# what is a superkey?



## shajal (May 27, 2008)

hey guys i was wondering whats a superkey and what are the funtion of it i saw the price it was only $2.95. why is it so cheap any suggestion.


----------



## PikaPika (May 27, 2008)

A Superkey is a  NoPass, a device to boot a cart in Slot-2 in DS mode, letting you run .NDS files and such from a Slot-2 cart.
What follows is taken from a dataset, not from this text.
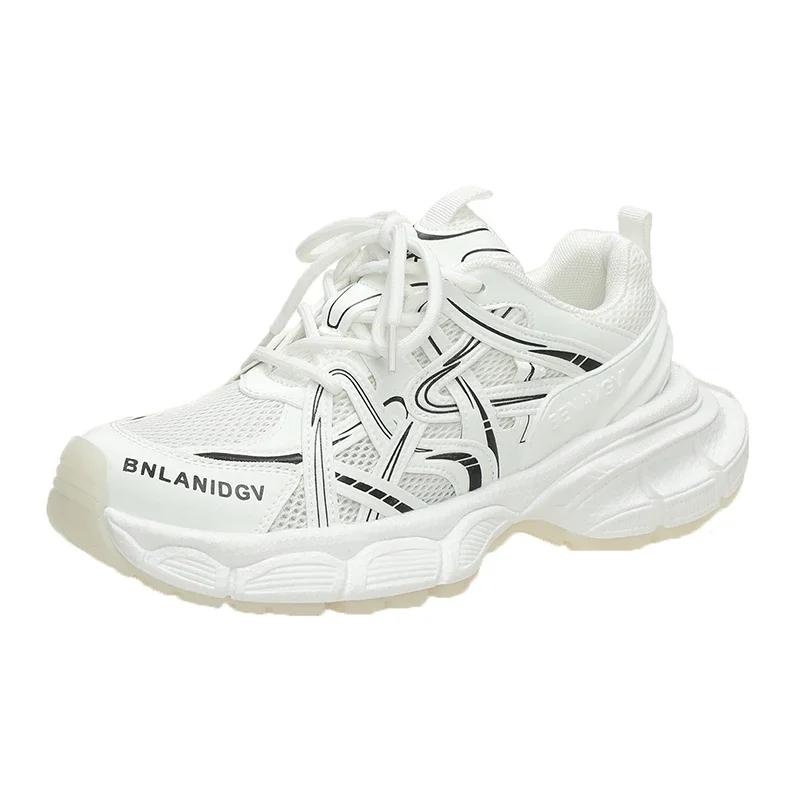 2024 Nuove Sneakers da Donna Basse con Zeppa Patchwork Fondo Spesso Pelle Morbida Punta Tonda Casual Sneakers da Donna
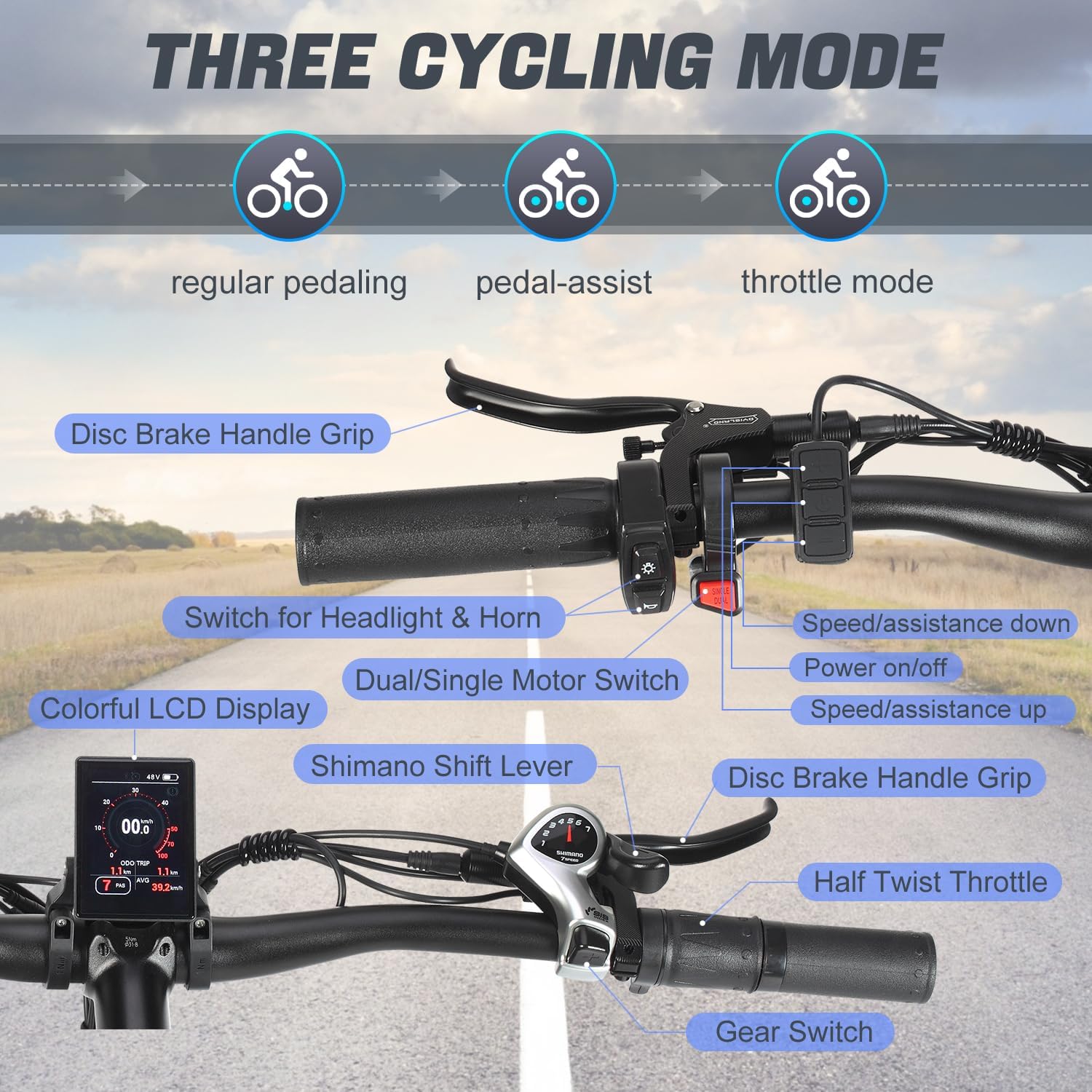 PHILODO Electric Bike for Adults, Dual Motor 3000W Peak Fat Tire Ebike Dual Battery Electric Bicycles 46AH with Full Suspension 26inch Dirt Bike for Off-Road Mountain Snow 100 Miles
I would recommend getting an actual Slot-1 cart, rather than a NoPass.


----------



## shajal (May 27, 2008)

so i can play both nds games and gbc games also is not good or is  it good


----------



## raulpica (May 27, 2008)

I have one in my old DS 
	

	
	
		
		

		
			





It lets you boot Slot-2 Flashcards, like M3 Perfect and SuperCard SD/miniSD/Lite.

If you don't have a Slot-2 Flashcard, it's of no use


----------



## noONE (May 27, 2008)

It doesn't do ANYTHING special.. it just allows you to boot slot 2 carts, (like pikadude said..) read thru his post once again..
it was needed before slot 1 cards came, to allow Slot 2 carts to be booted ( if you didn't flash your DS), with DS functionalities. (IIRC)
now it is just obsolete.


----------



## science (May 27, 2008)

Lol, I have a Super Pass... I feel old!


----------



## raulpica (May 27, 2008)

science said:
			
		

> Lol, I have a Super Pass... I feel old!


I still have mine in a drawer 
	

	
	
		
		

		
		
	


	




 Good ol' SuperPass2...


----------



## Bob Evil (May 27, 2008)

science said:
			
		

> Lol, I have a Super Pass... I feel old!



Dude, having a SuperCard doesn't make you old ... it was only a couple years ago ...

I have a working Commodore PET ... now that's old


----------



## science (May 27, 2008)

Bob Evil said:
			
		

> science said:
> 
> 
> 
> ...




Doesn't make me old, just makes me feel old!


----------



## martin88 (May 27, 2008)

I still have the SuperPass 2 that I used to flash my DS Phat. (Which I still play)

And...is this the right section?


----------



## Costello (May 27, 2008)

we have a glossary here if that's of any help:
http://gbatemp.net/index.php?showtopic=35465


----------



## shajal (May 28, 2008)

thanks but i was looking for more details and is super key recommanded to use. i dont know im gonna get one since its cheap.


----------